Rautenbach, who grew up on a farm between Senekal and Marquard in the Free State, studied medicine at the University of Free State in Bloemfontein, and then did her internship in Bethlehem and her community service at a hospital in QwaQwa in the Eastern Free State.
It was while working in the Eastern Free State that her passion for ophthalmology started. “I started working with two other eye doctors who got me into ophthalmology. They introduced me to patients with eye problems and cataracts and started teaching me surgery. From then onwards I was passionate about ophthalmology.
“I realised that there is a field in medicine that is clean and precise and from which you can get very good outcomes with surgery. It involves micro-surgery and I found it fascinating and particularly rewarding working with patients who, from being almost blind from cataracts, were able to see clearly the day after surgery."
Rautenbach ascribed her academic success to “a lot of prayers and grace".
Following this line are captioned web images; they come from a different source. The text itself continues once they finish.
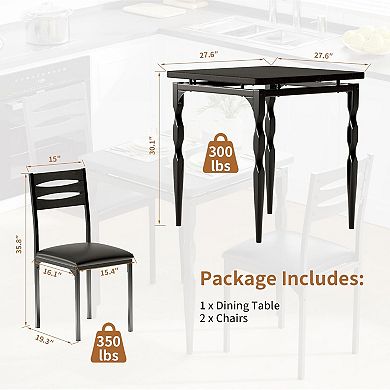 3 Piece Space-Saving Dining Table Set for 2, Modern Dining Room Set, Spiral Metal Legs with Chairs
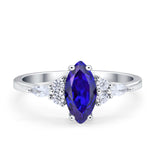 Vintage Style Wedding Ring Marquise Simulated Blue Sapphire CZ 925 Sterling Silver
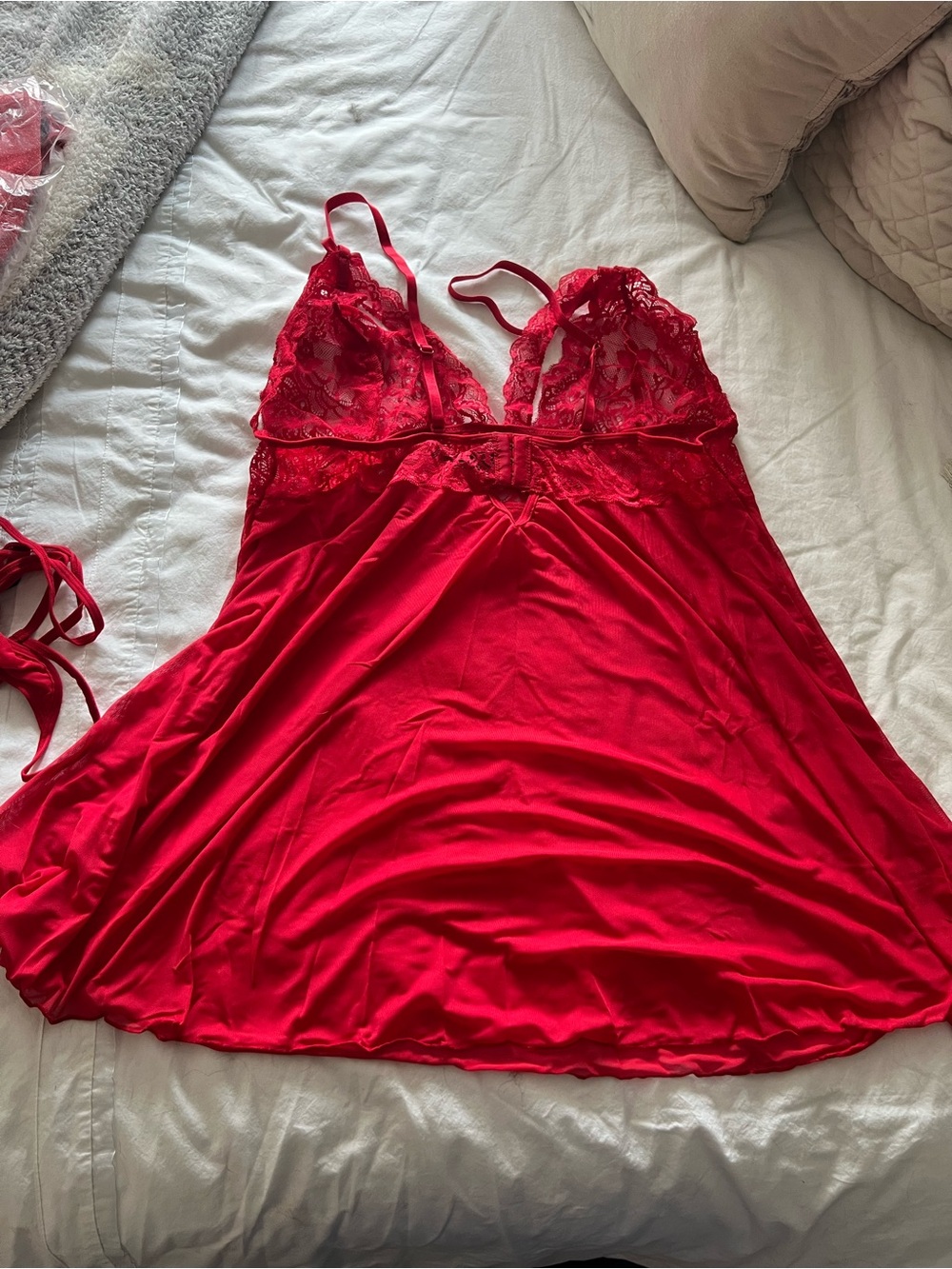 Bundle of 2 Red Lace Pure Romance Lingerie Nightgowns Size 3X - Picture 3 of 13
“When you study as a doctor, you study not for the marks but to know enough to be able to treat your patients well, so this academic achievement is not something I aimed for. It is just an extra for which I am so grateful."
When she is not working, Rautenbach enjoys mountain biking, hiking, jogging and taking walks along the beach “in the beautiful surroundings in Cape Town." She also recently started a new hobby, kite-surfing. “Having grown up on a farm I love to be out in nature," she said.
Asked about her long-term goals, Rautenbach said she is taking it day by day. “This year taught me that nothing is really in our hands and it doesn't help to make long-term plans as things can change so suddenly. For now I just want give the best service I can to every patient I see."